Esse documentário é repleto de trechos de falas de especialistas, do Brasil e do exterior, que analisam de forma profunda o que tem quebrado nações inteiras como Portugal, Espanha e Grécia, além das amargas soluções propostas pelo capitalismo financeiro especulativo, que funciona sem qualquer regulação ou freio por parte dos governos. Isso porque há gente do próprio capitalismo financeiro ditando as regras nos governos ou obrigando tais governos a obedecerem tais regras, sob pena de um estrangulamento econômico ainda maior. O documentário mostra a diferença entre uma economia produtiva, onde o crescimento depende da produção industrial, das vendas e dos lucros que conseguem abrir mais postos de trabalho e salários, e a economia financeira especulativa, onde uma dívida interna com altas taxas de juros é paga pelo governo com o dinheiro dos impostos dos contribuintes, economia financeira essa onde o capital não circula para as populações nem para o processo produtivo, circulando somente entre o empresariado. O mais chocante nisso é que presenciamos o mesmo quadro que existia no capitalismo pré-crise de 1929, onde os governos garantiam liberdade total para os grandes empresários sem qualquer freio em atividades especulativas e de risco.
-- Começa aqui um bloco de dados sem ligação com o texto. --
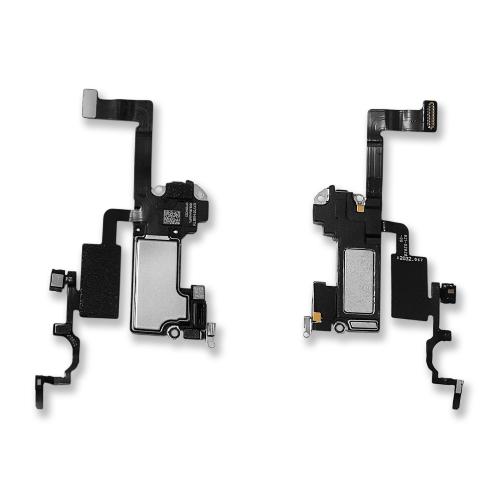 24170 - NAPPE HAUT PARLEUR / ECOUTEUR INTERNE POUR IPHONE 12 / 12 PRO -  Compatibile - 821-02628-05 821-02360-05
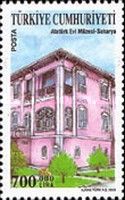 Museum Villa in Adapazari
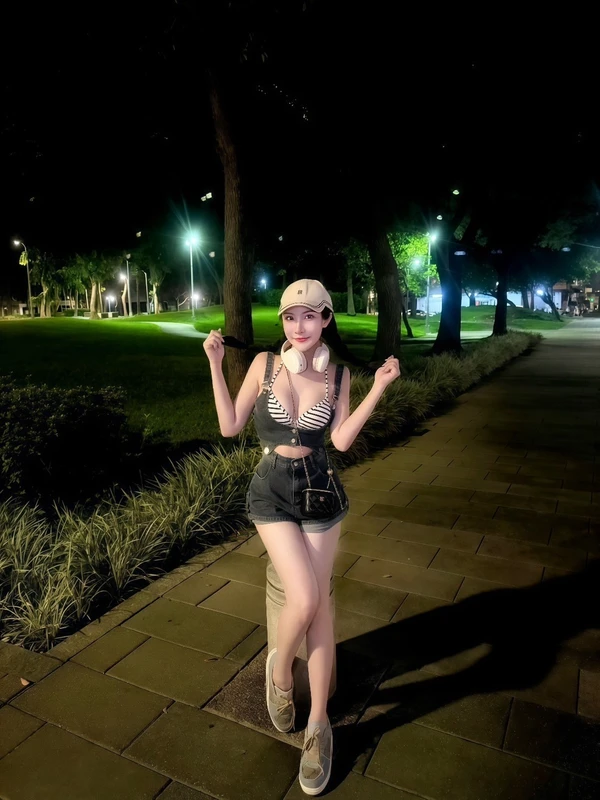 Jessica實照_10
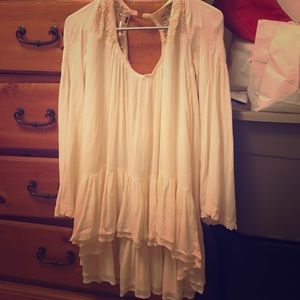 Free People Tunic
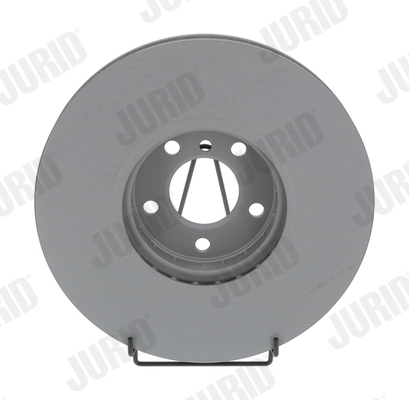563150JVC1 Jurid/Bendix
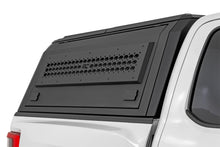 Load image into Gallery viewer, Rough Country 73400 Truck Bed Cap for Select Ford F-150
Essa liberdade total dada ao capitalismo financeiro provoca graves problemas de ordem social e dão origem a um ultranacionalismo de direita que coloca toda a culpa da crise nos setores menos favorecidos da sociedade, como os pobres e negros no Brasil e os imigrantes da Europa, além de ajudarem a convencer o grande público de que políticas de austeridade são necessárias para acabar com a crise, sendo que a população deve abrir mão de seus direitos democráticos. Ou seja, com a Guerra Fria, o Welfare State e a classe média eram necessários para manter o capitalismo como um sistema bem visto perante o socialismo (ironicamente eram características do socialismo no capitalismo que mantinham o capitalismo bem na fita). Mas com o fim da Guerra Fria, o capitalismo não precisa mais desse artifício e a exploração se tornou bem mais desumana, com o liberalismo econômico extremado dos grandes grupos financeiros ameaçando a democracia, a autonomia e a soberania das nações, grupos financeiros esses que são uma grande ameaça à liberdade de todos hoje, pois uma atividade especulativa qualquer (as chamadas profecias autorrealizáveis) são capazes de destruir economias e governos de nações inteiras da noite para o dia. E o quadro é altamente sombrio quando falamos em previsões de como se virar esse jogo.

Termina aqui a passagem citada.